• **Assigned task**
Copying exactly, give the lines in the material below from the one with "indianroxy webcam" to the one with "Conversación de WhatsApp con Valentina Rojas", ends included, and nothing besides.

• **Given records**
§
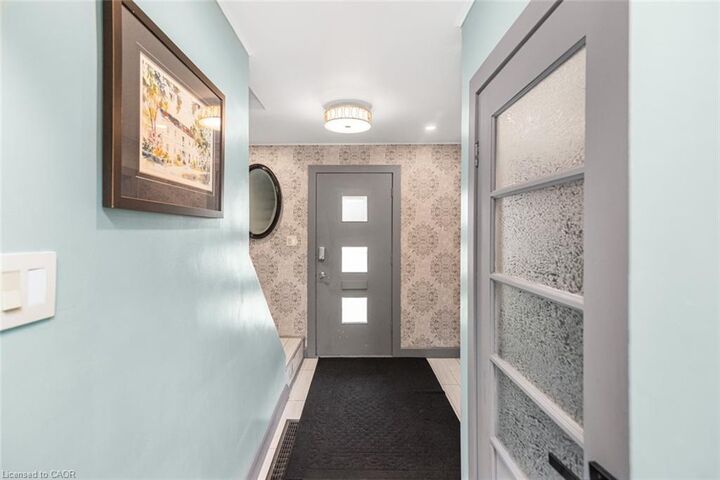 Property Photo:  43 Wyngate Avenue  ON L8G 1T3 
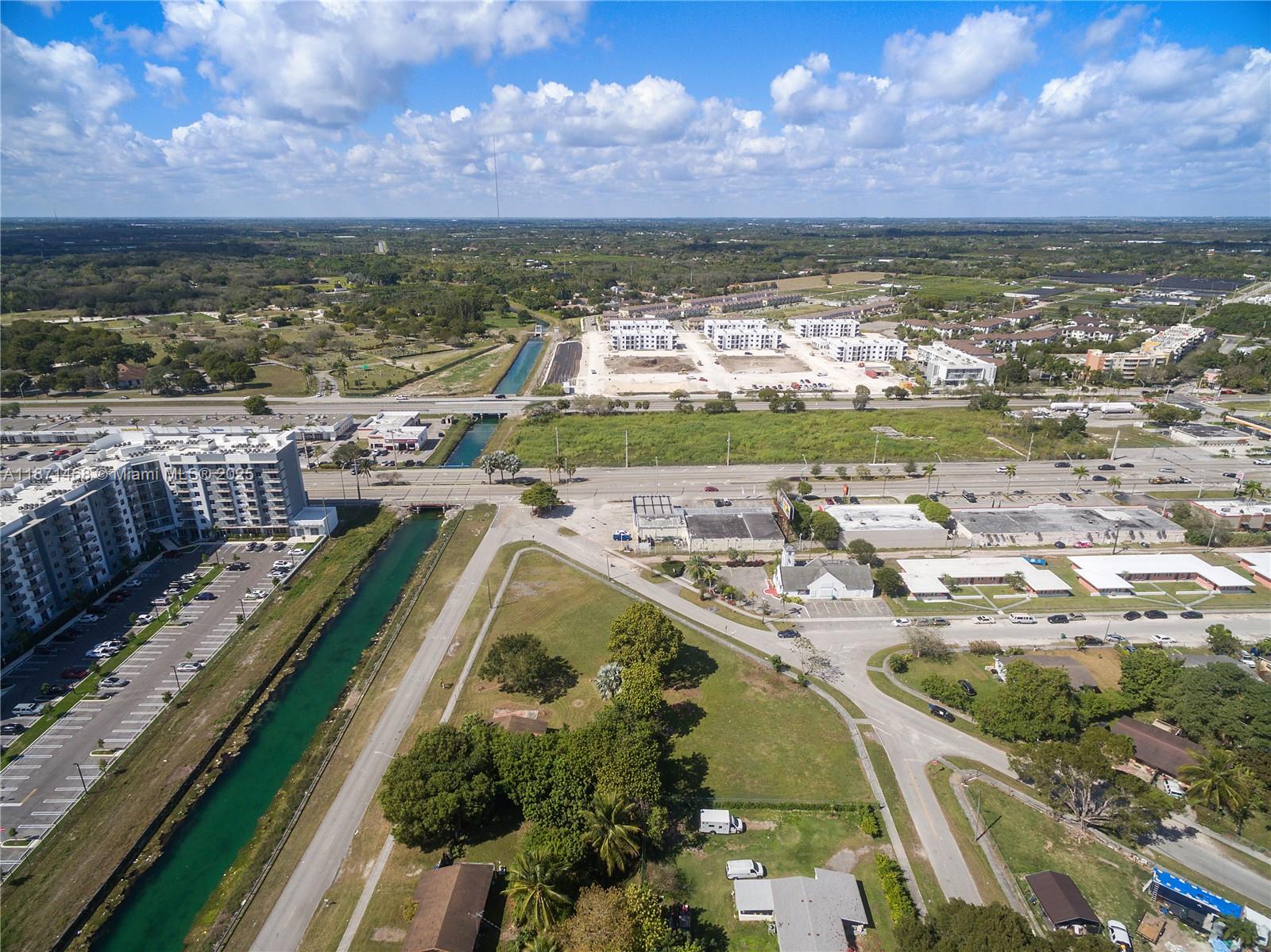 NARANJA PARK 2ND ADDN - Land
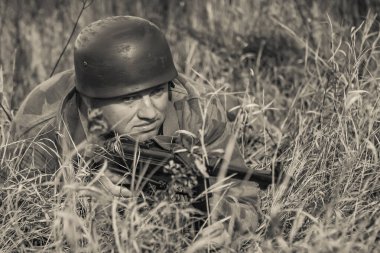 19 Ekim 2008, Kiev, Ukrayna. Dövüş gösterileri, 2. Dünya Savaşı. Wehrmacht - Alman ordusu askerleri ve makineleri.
§
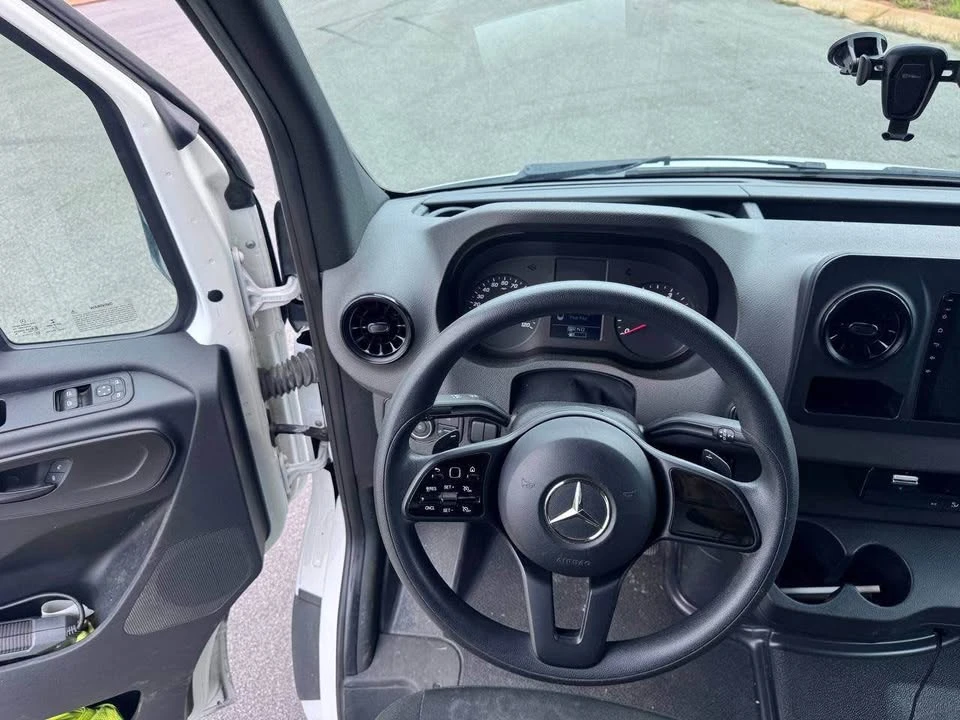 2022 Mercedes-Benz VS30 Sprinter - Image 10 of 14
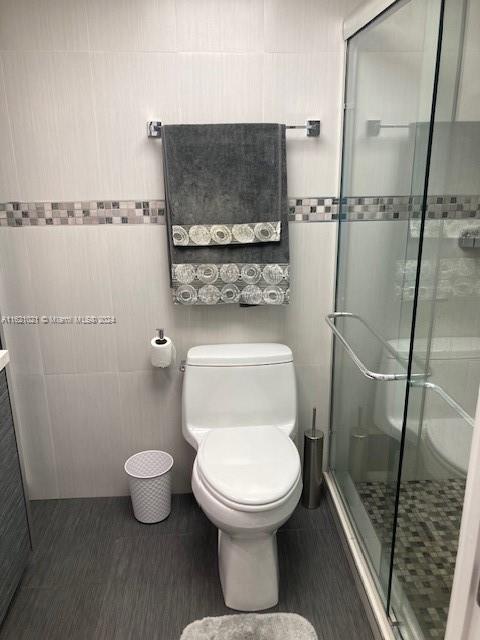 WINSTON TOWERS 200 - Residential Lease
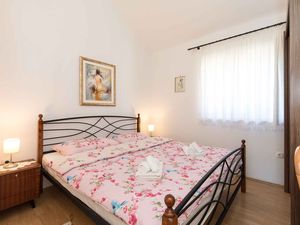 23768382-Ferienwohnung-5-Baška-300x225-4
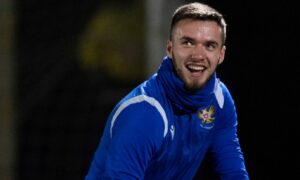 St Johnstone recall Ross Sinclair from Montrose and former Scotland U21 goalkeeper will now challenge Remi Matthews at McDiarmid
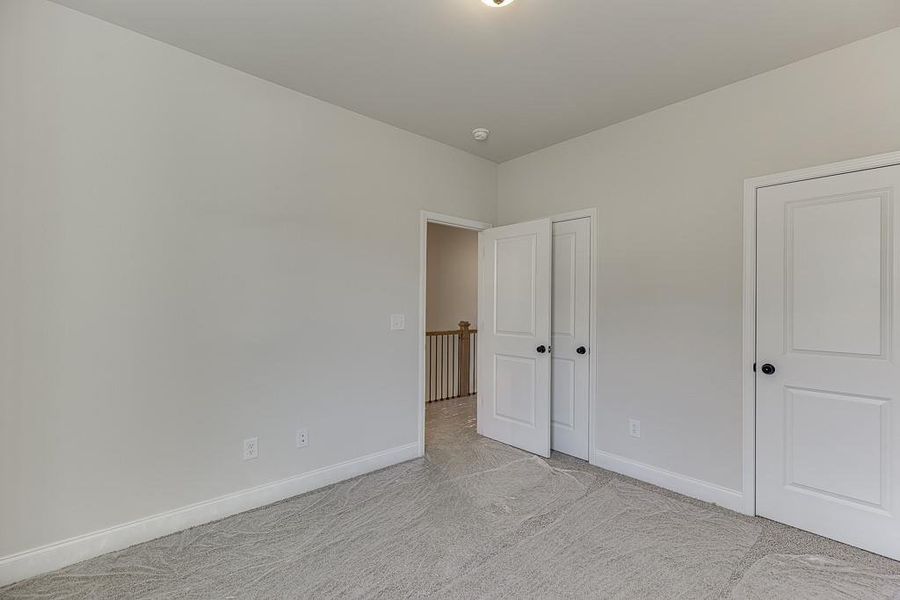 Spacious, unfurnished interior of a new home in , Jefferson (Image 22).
§
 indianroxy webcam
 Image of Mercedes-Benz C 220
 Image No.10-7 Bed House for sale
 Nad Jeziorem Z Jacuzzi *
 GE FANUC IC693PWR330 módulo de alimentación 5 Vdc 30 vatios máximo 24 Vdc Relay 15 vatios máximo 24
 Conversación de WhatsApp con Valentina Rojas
§
• **Response area**
 indianroxy webcam
 Image of Mercedes-Benz C 220
 Image No.10-7 Bed House for sale
 Nad Jeziorem Z Jacuzzi *
 GE FANUC IC693PWR330 módulo de alimentación 5 Vdc 30 vatios máximo 24 Vdc Relay 15 vatios máximo 24
 Conversación de WhatsApp con Valentina Rojas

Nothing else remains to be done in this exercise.